Ethan Coen, Joel Coen  (USA, 2009)
Oder ist das der beste Coen-Film? Weil er alleine schon mit seinem allegorischen Prolog überraschen kann, wo in einem polnischen Schtetl, lange vor unserer Zeit, ein jüdisches Paar nachts von einem Gast besucht wird, über den man sich kurz zuvor gestritten hat, ob er wohl ein Dibbuk ist. Das ist allein atmosphärisch ziemlich interessant und ungewöhnlich. Draußen der Schnee im Dunkeln, die sparsam beleuchtete Behausung und der bärtige, alte Jude, der geisterhaft hereinplatzt.
Dann schwenken die Coens mehrere Jahrzehnte nach vorne und porträtieren von nun an die Leidensgeschichte des Mathematik- und Physikprofessors Larry Gopnik (Michael Stuhlbarg), auf den das Leben mit harten Schicksalsschlägen niederprasselt wie auf einen modernen Hiob. Er wird ebenso vor eine harte Prüfung gestellt: Seine Frau will sich von ihm scheiden lassen, sein Sohn kifft und hört Rockmusik, die Tochter klaut sein Geld für eine Schönheits-OP, ein südkoreanischer Student versucht ihn für eine bessere Note mit Geld zu bestechen und zu all dem gibt es noch seinen Bruder, der psychisch betrachtet auf wackeligen Beinen steht und sich öfters am illegalem Glücksspiel versucht. Larry steckt also mitten in einer zerschmetternden Lebenskrise; um endlich die nötigen Antworten auf all seine Fragen zu bekommen sucht er drei Rabbis auf.
Ein Mann sucht sich selbst, mitten in einer jüdischen Gemeinde im spießigen Kleinstadt-Amerika.
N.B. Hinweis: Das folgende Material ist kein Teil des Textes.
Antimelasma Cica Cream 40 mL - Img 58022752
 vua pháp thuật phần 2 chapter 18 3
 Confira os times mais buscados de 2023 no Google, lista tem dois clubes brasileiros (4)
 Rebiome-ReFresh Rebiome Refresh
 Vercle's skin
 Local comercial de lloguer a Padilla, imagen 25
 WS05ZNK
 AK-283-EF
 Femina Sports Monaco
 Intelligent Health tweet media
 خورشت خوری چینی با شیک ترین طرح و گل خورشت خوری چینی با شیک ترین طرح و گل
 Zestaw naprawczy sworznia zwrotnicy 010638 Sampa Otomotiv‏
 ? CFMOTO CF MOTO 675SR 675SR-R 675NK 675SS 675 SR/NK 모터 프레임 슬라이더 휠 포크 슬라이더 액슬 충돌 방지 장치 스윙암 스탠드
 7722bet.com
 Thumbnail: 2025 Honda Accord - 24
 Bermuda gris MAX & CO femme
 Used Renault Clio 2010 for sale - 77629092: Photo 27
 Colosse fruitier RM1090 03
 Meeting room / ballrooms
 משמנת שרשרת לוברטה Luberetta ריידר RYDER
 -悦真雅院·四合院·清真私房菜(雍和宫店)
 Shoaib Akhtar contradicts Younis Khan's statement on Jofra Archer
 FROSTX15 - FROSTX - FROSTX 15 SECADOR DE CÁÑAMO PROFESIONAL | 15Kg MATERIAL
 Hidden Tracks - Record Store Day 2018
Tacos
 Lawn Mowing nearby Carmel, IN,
Die Coens erzählen leise und bescheiden, doch dicht und ideenreich, ohne dass man am Inhalt ersticken würde. Sie stellen viele Fragen, verunsichern, überraschen, verweisen auf ihre eigenen, jüdischen Wurzeln und zeigen diese Welt in moderner Hülle, aber auch im alten Gewand. Sie lassen Damals und Heute aufeinanderprallen, wenn der ewige Rabbi hinter seinem von mystischen Gegenständen vollgestopften Schreibtisch den konfiszierten Walkman herausholt und an Larrys jungen Sohn übergibt.
Michael Stuhlbarg bleibt als gemarterter Held dieser verbitterter Welt eine Augenweide. Später wurde er in „Boardwalk Empire“ als Arnold Rothstein gemeingefährlich und blieb da als jüdische New Yorker Gangster-Legende seinen Wurzeln erneut treu.